Koh Samui'S Kamalaya Wellness Resort

Mi insomnio (estoy despierto una hora más o menos un par de noches a la semana) es leve pero destructivo. Hace que mis tardes sean montañosas. Me convierto en el cyborg de ojos muertos cuya escalofriante desapasionamiento se revela en el último rollo; mi configuración de láser es Chocolate Pudding.

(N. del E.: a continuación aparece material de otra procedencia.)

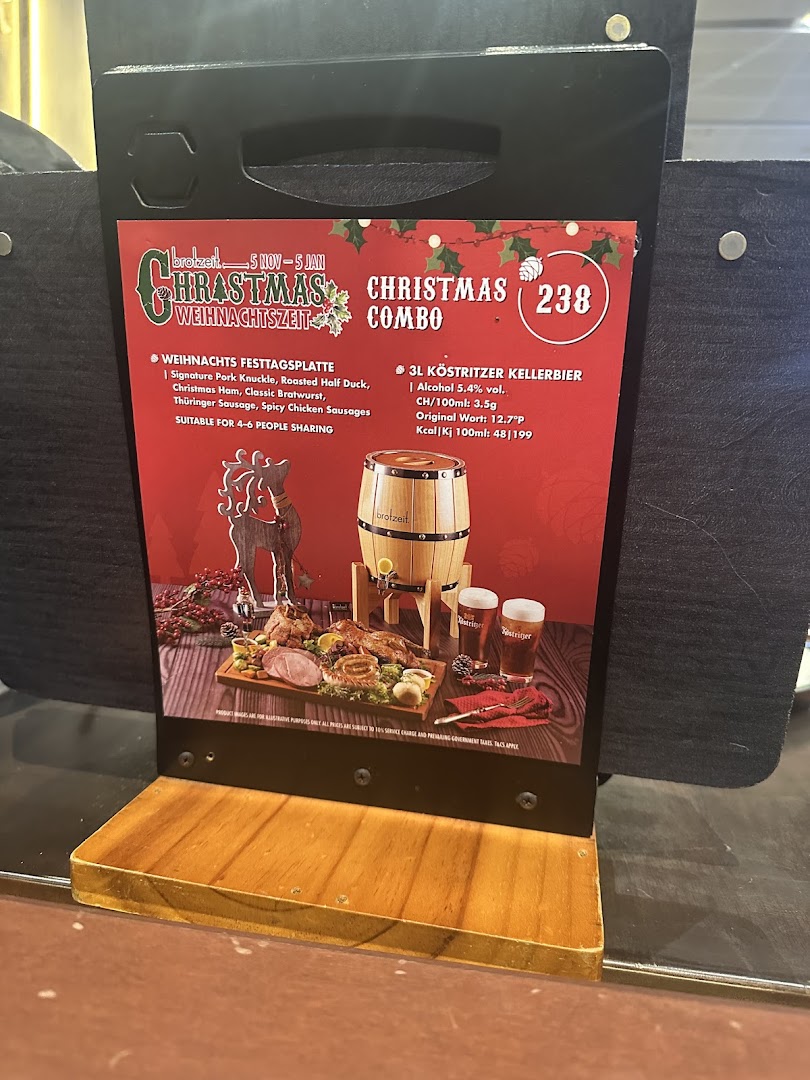 A promotional display for Brotzeit's Christmas Combo featuring a festive platter and beer.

Mis problemas comenzaron hace unos 15 y, como es el caso de millones de personas en todo el mundo, me han convertido en ocasiones en una persona menos curiosa, paciente o extrovertida. Mi incapacidad para dormir bien me ha robado horas de mi vida. Quiero estas horas de vuelta. Entonces, cuando supe que Kamalaya, Koh Samui, el lujoso "santuario del bienestar" en la isla tailandesa, ofrece un programa para mejorar el sueño, escuché un timbre proverbial. Me encantó que Annie Lennox se hubiera quedado en Kamalaya; en mi imaginación, vi a Annie y a mí de pie en un fregadero, riendo alegremente mientras enjuagaba nuestros unitards Danskin.

Admitiré cierta inquietud con respecto a la frase "santuario de bienestar", como fue corroborado por mi primera hora o dos en Kamalaya. Encontré una gran cantidad de velas perfumadas, invitados de aspecto pensativo, casas de espíritu, guirnaldas de caléndula y alusiones a la "energía" no relacionada con el zócalo. La música ambiental del complejo, cargada de murmullos tintineantes, es lo que usarías para marcar un Documental de PBS sobre cestería en la provincia de Hunan. Después de que mi portavoz oficial me entregara una tarjeta de cita y me pidiera que me presentara en el Wellness Center a la mañana siguiente, hice un recorrido por mi habitación y las áreas comunes de Kamalaya y diseñé la siguiente definición: Wellness sanctuary (n.): Un lugar donde esconden todos los relojes y el café, y luego te dan una cita para 9: 35 am

Arrullado por el entorno exuberante y hermoso de Kamalaya, poco a poco me volví más caritativo. Centrado en torno a un templo de la cueva que antiguamente usaban los monjes budistas, el complejo de habitaciones 59 está ubicado en un barranco de la selva que se extiende precipitadamente hacia una playa privada. La configuración es a la vez sibarita y resistente; Más de una vez soñé que me presentaba para el desayuno con solo un Speedo y crampones.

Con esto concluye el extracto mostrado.